An advantage of posting new articles regularly is that it will increase the frequency of the search spiders visiting your website. That will affect how soon your new content is indexed, but it will not affect your search engine ranking at all.
2. You need ‘quality’ backlinks to succeed in SEO
If you have been reading blogs from official SEO experts, they will all tell you the same story. Get quality backlinks!
How on earth can you find so many quality backlinks? Try asking someone with just a PR3 website to link to you and see if you can get any reply from him. Even if he does, try doing it for 100 of your webpages!
The only workable way to get quality backlinks seems to be buying links, assuming you are superbly cash rich. But link buying has been condemned by Google. Try it if you dare. I’m serious. You may not be caught.

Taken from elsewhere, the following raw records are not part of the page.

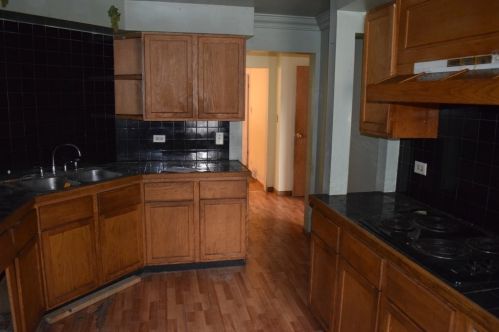 1039 Long Ave, Chicago IL 60638-1816 exterior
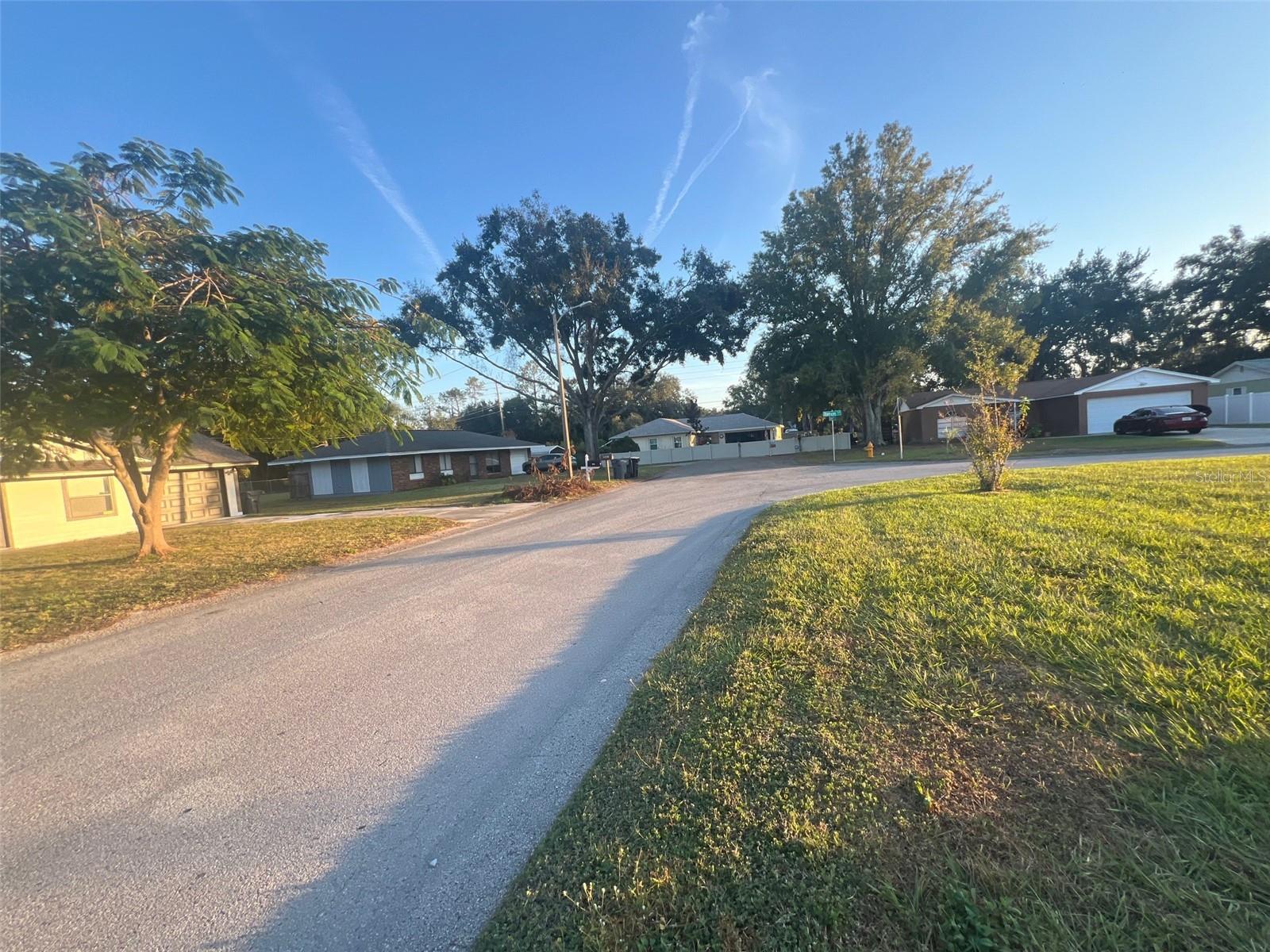 Image 20 of 21 For 2362 Delrose Drive E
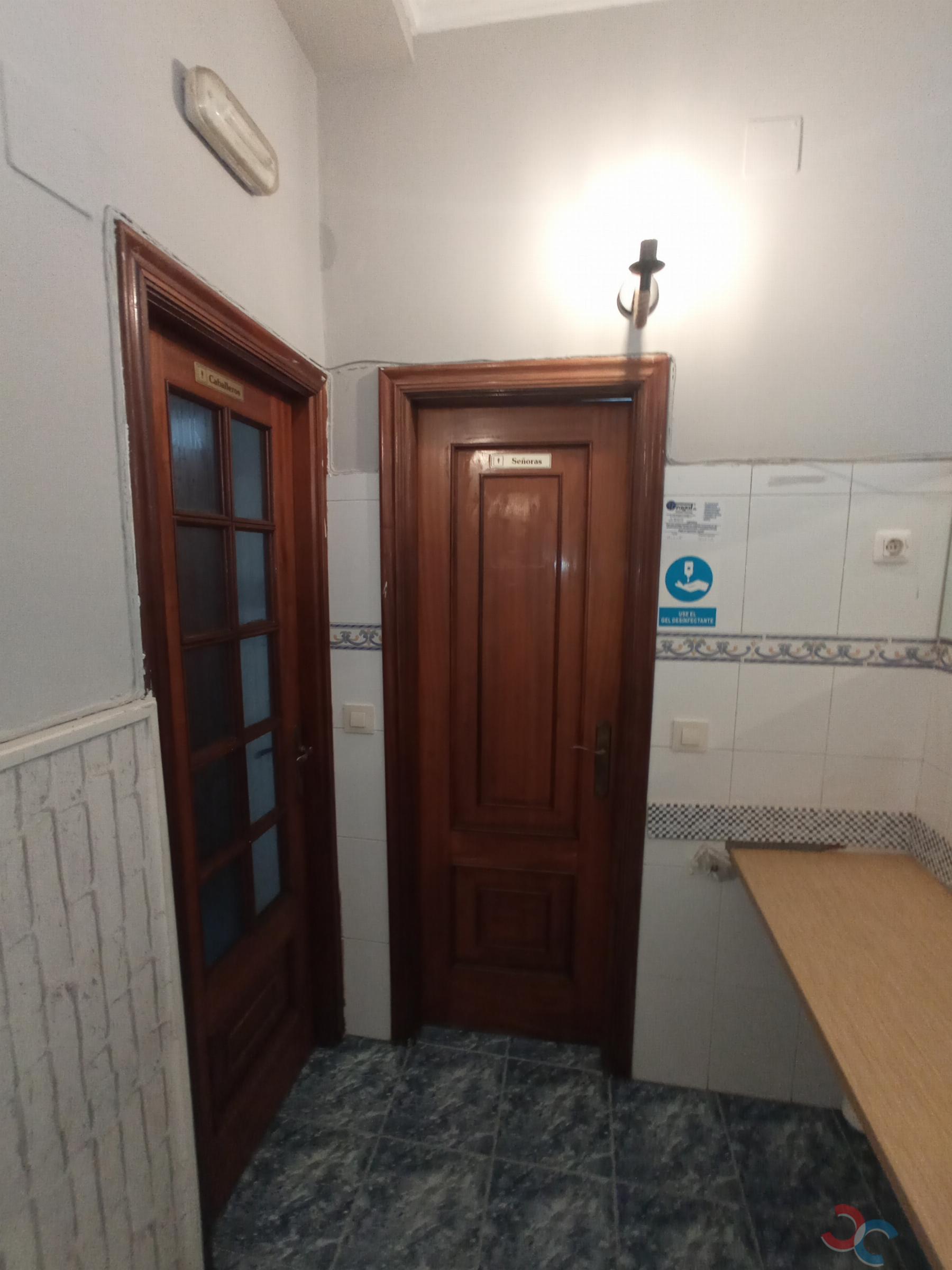 For sale of commercial in Poio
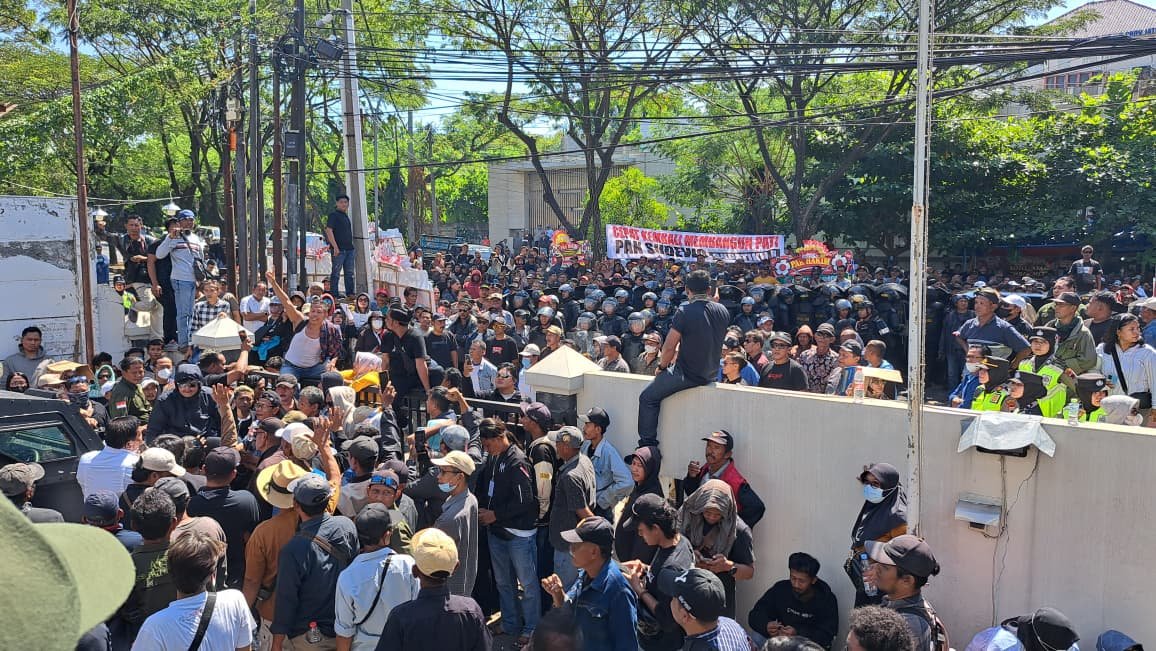 HADANG MOBIL--Ribuan massa pendukung Sudewo, Bupati Pati nonaktif, menghadang mobil tahanan yang mengangkut junjungannya di Pengadilan Tipikor Semarang, Senin (29/6/2026). (bae)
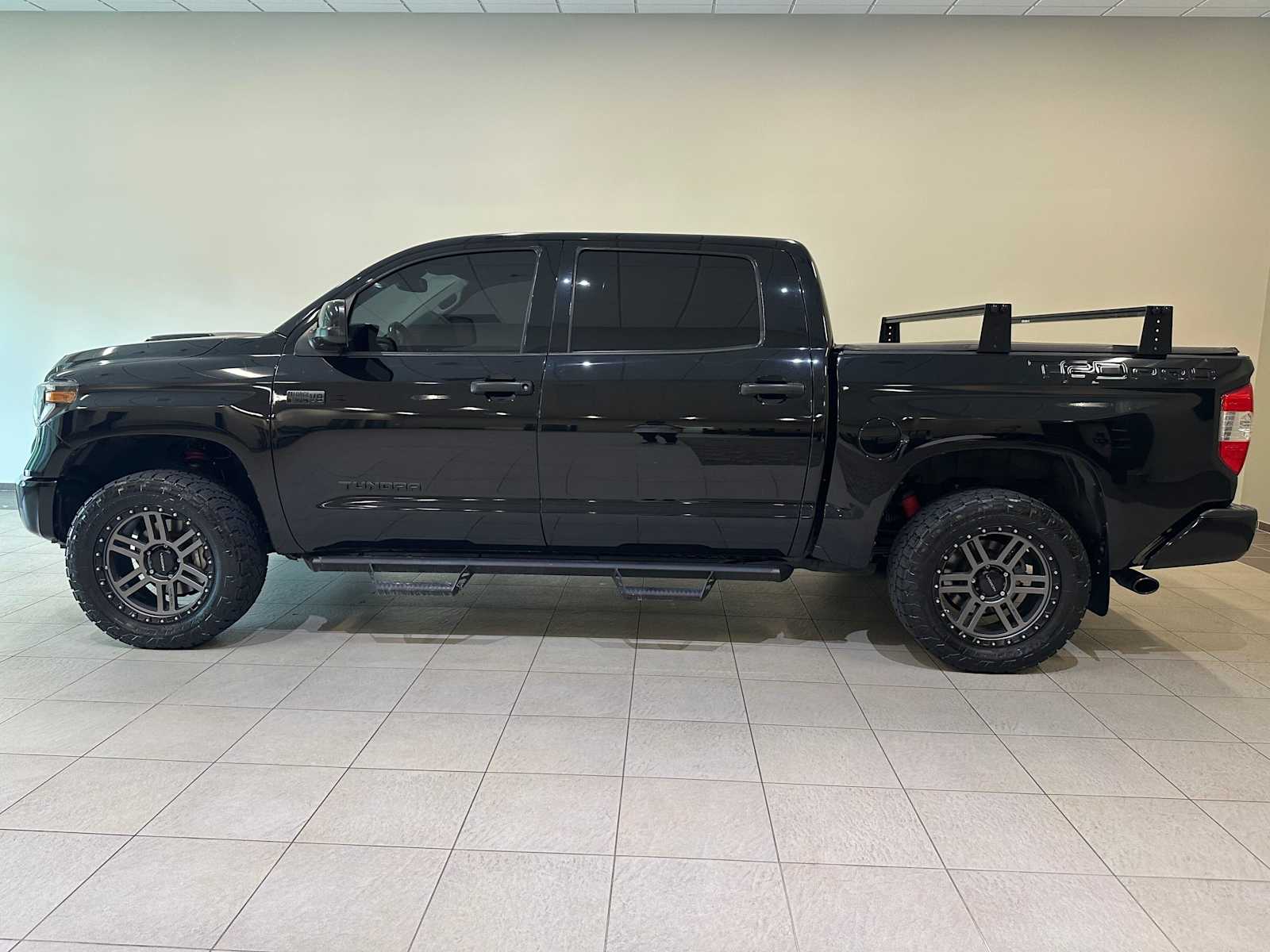 Thumbnail: 2019 Toyota Tundra - 3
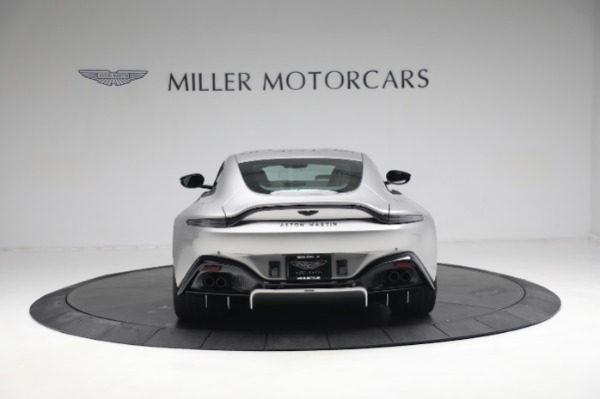 New 2023 Aston Martin Vantage V8 for sale $202,286 at Aston Martin of Greenwich in Greenwich CT 06830 5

The truth is you don’t need quality backlinks to succeed. Rather than spending your time seeking or dreaming of quality backlinks, spend you time to try out tools and systems that you can leverage on to build more “legitimate” backlinks with less effort from you.
3. You need to post ‘quality’ articles on your website
Though I believe Google has a way to identify junk content, I don’t believe that it can differentiate between a “grammatically-correct” article and an “award-winning” article.
What I mean is you don’t have to insist on writing all the articles yourself if your sole purpose of the article is to get traffic from the search engine. Outsource article writing to save you time to do other things. You just have to make sure that the article is grammatically correct and is search engine optimized.
4. Google penalizes websites with duplicated content
I think I explained this before. Google doesn’t penalize websites with duplicated content. It will just ignore websites with duplicated content, if that website is not ‘important’, i.e. very few backlinks.
Say if you syndicate the same article on 200 other websites, maybe 50 of the articles will be indexed. The other 150 may be ignored by Google. Officially, Google says it will show the result from the most relevant website. But my experience tells me that it will show the result from websites with more backlinks!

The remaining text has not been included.